Chang continued: “Times have changed,” citing transfer of jurisdictional authority from the Department of Transportation to the DLNR (and omitting to mention that, at the time of the 1984 and 1985 attorney general opinions, recreational boating was still under the jurisdiction of the DLNR). “As a result of the transfer of ocean recreational boating to DLNR, DLNR reassessed its permitting process in the area of ocean recreational based activities… Instead of requiring a CDUA for activities occurring on conservation lands, a disposition by the Division of Land Management for a permit to conduct the activities on public lands, and a permit from DOBOR for the ocean based activities, DLNR now requires only one permit to be issued by DOBOR.”
Rules in Limbo
At the moment, the ability of DOBOR to enforce any rules or issue any permits is in doubt.

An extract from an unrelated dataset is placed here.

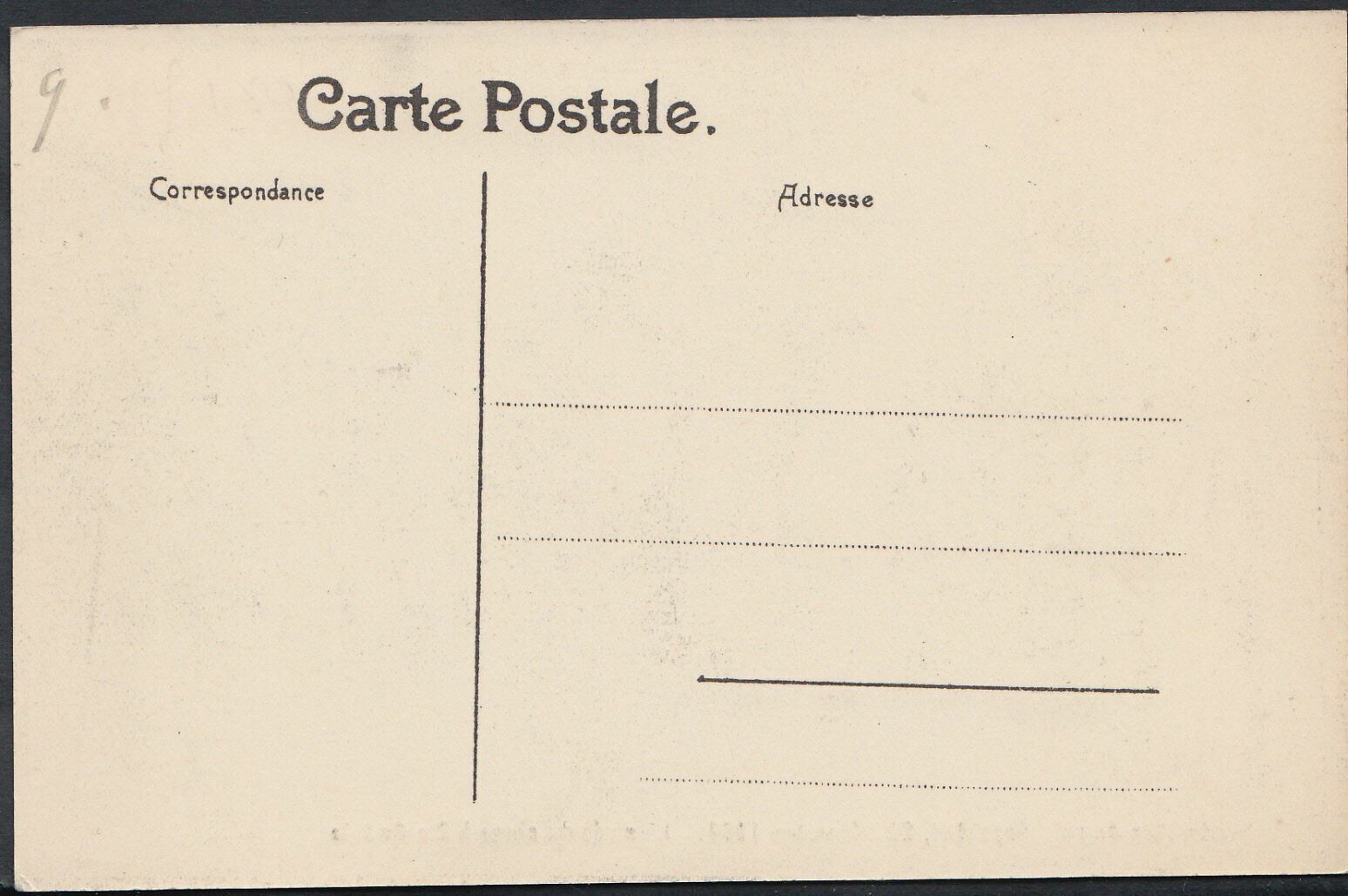 Belgium Postcard - Funerailles Du Roi Leopold II, 22 Decembre 1909 - A8974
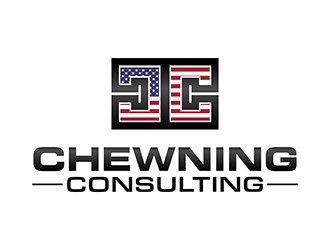 CHEWNING CONSULTING  logo design by SteveQ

The administrative rules that guided DOBOR’s activities at the Department of Transportation were transferred virtually unchanged to the DLNR. However, according to DOBOR administrator Dave Parsons, enforcement of any DOBOR rules is being held up pending completion of work by the advisory committee that the DLNR has established to review Conservation District rules.
According to members on that committee, at the time of Parsons’ remark made at the October 6, 1993, COMPAG meeting, the committee had at no time considered the matter of commercial use of beaches nor the possible transfer of permitting for such use to DOBOR. In the preliminary discussion draft of that committee’s report (dated September 30, 1993), there is no mention of any transfer of permitting activities from the Office of Conservation and Environmental Affairs, which now oversees activities in the Conservation District, to DOBOR. Similarly, there is no discussion whatsoever of how the commercial use of beach lands shall be regulated.
At the October 6, 1993, meeting, Parsons described what he said was the DLNR’s proposed means of dealing with commercial activity in beach areas. According to Parsons, the Division of Boating and Ocean Recreation would develop management plans for commercial activities in designated beach areas. These management plans, Parsons stated, would go before the Land Board for approval, along with all documentation needed to satisfy the requirements of Chapter 343, the state’s environmental disclosure law. If management plans were approved by the Land Board, DOBOR would then issue permits to commercial operators administratively, without further action by the Land Board, Parsons explained.
When Parsons was asked whether DOBOR would prepare environmental impact statements for those areas already in commercial use – specifically, the North Shore of Kaua’i – Parsons indicated it would not. Only areas proposed for future administration under area-wide boating management plans would be subject to the new policy requiring DOBOR to prepare an environmental impact statement or environmental assessment, he said.